Sebab kedua adalah ketidaktahuan akan bahaya
yang diakibatkan. Faktor ketiga ialah kekosongan waktu. Kurang maksimalnya
penggunaan waktu untuk kegiatan-kegiatan posotif disinyalir sebagai penyebab
yang paling dominan.
Seorang tokoh salaf, Ibnu Aqil, pernah
mengatakan, rasa kangen itu kebanyakan menghinggapi individu yang tak banyak
beraktivitas dan menyibukkan diri dalam aktivitas bermanfaat. Lihat saja, mana
pernah pekerja sibuk seperti pedagang sempat-sempatnya berkangen-kangen ria.
“apa lagi para pegiat ilmu syariah” tutur Ibnu Aqil.
Dan keempat, ketidak siapan individu dalam
menggunakan teknologi informasi dan telekomunikasi. Penggunaan jejaring sosial yang semakin masif kian memudahkan komunikasi
antar lawan jenis. Ironisnya, ini justru acap kali disalahgunakan untuk
tindakan terscela.
Maka tak ada cara lain, ungkap Syekh al-Hamd,
selain memurnikan tuhid dan penghambaan kepada Allah SWT semata. Ketika hati, kata
Ibnu Taimiyah, telah merasakan lezatnya beribadah kepada Allah SWT dan ikhlas
kepadanya, maka tak ada apa pun yang lebih manis dan nikmat dari kondisi itu.
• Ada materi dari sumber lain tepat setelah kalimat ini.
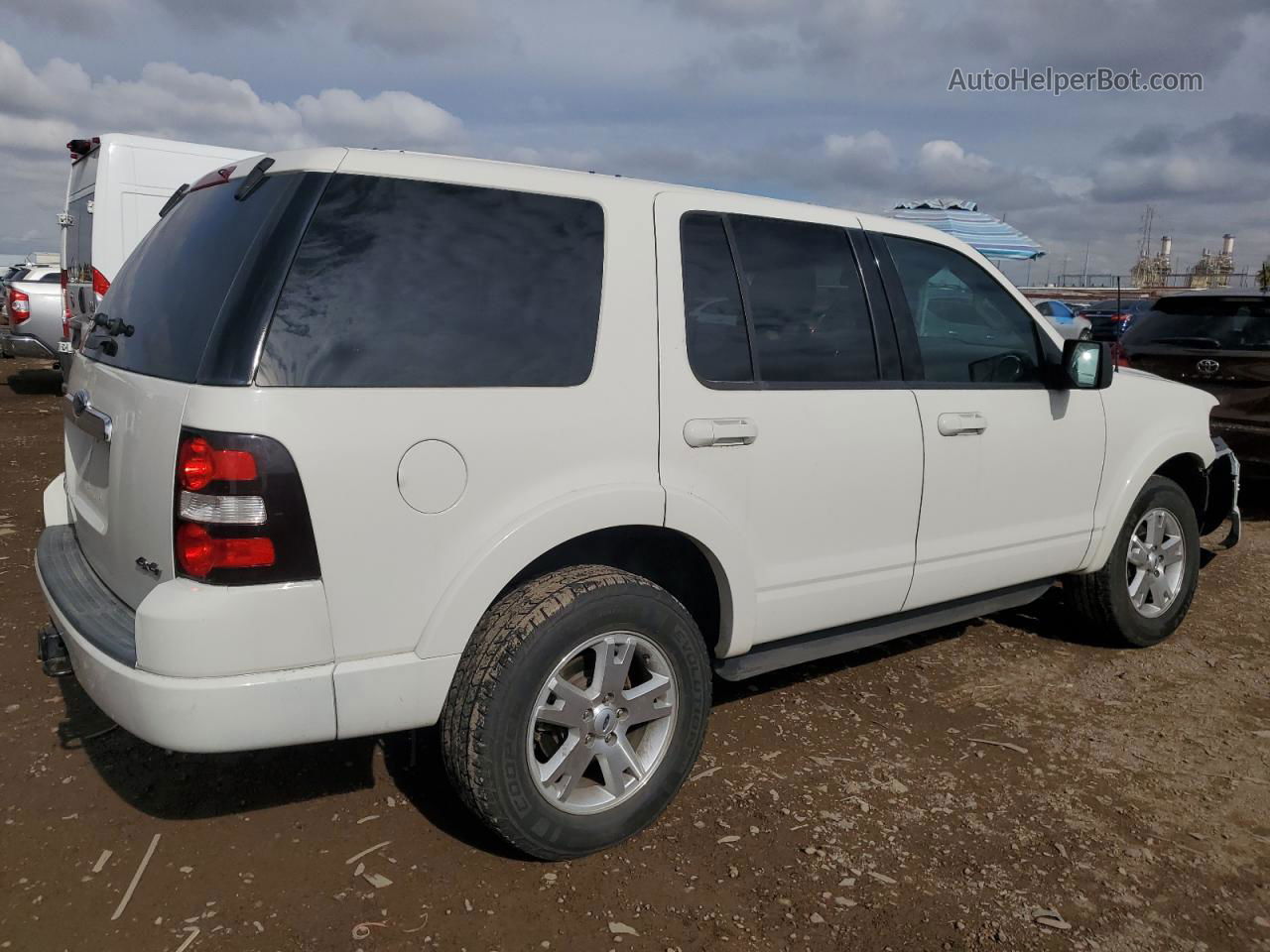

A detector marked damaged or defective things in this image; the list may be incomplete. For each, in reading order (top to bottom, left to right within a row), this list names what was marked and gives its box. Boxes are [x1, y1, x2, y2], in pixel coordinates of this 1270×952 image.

damaged front bumper [1199, 438, 1238, 551]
Lihat saja saat Allah SWT memalingkan semua
tindak keji dari Yusuf AS, buah keikhlasan kepada tuhannya. “Sesungguhnya
wanita itu telah bermaksud (melakukan perbuatan itu) dengan Yusuf, dan Yusuf
pun bermaksud (melakukan pula) dengan wanita itu andai kata dia tidak melihat
tanda (dari) tuhannya. Demikianlah agar kami memalingkan daripadanya
kemungkaran dan kekejian. Sesungguhnya Yusuf itu termasuk hamba-hamba kami yang
terpilih.”
Dan sibukkan selalu, ujar al-Hamd, diri anda
dengan perkara-perkara positif agar terlupakan dari hiruk pikuk perasaan
tersebut. Ikhtiar itu, imbuh Syekh al-Hamd, mesti diperkuat pula dengan
sokongan doa. Berdoalah, agar dijauhkan dari cobaan berperasa kangen yang berlebihan itu.